[Collected material]
........
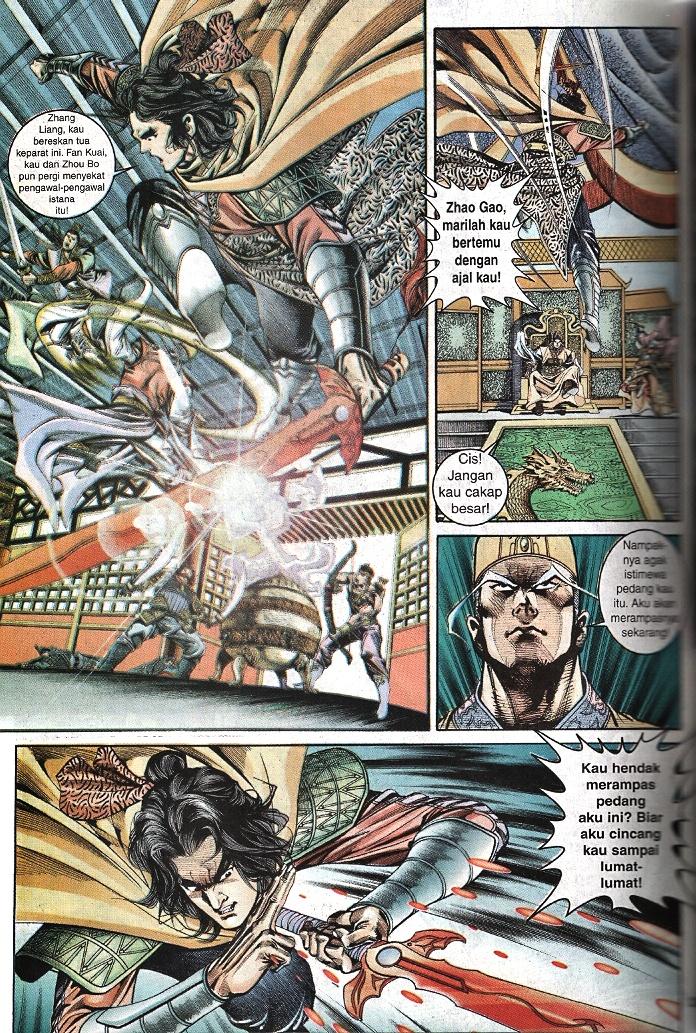 Maharaja Petualang: Chapter 56 - Page 20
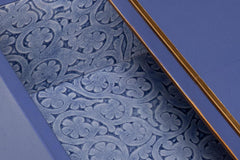 Gabriella Blue Nightstand - Ornate Home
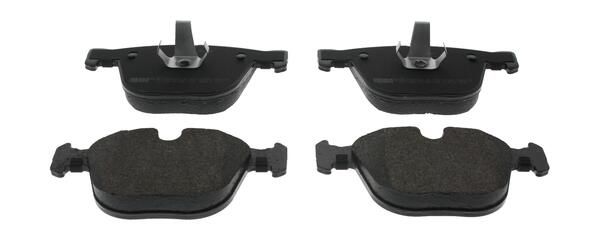 Plaquettes+de+frein+à+disque FERODO FDB1672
........
[Your objective] Output the material word for word, omitting its pictures.

[Reply to the exercise]
 Maharaja Petualang: Chapter 56 - Page 20
 Gabriella Blue Nightstand - Ornate Home
 Plaquettes+de+frein+à+disque FERODO FDB1672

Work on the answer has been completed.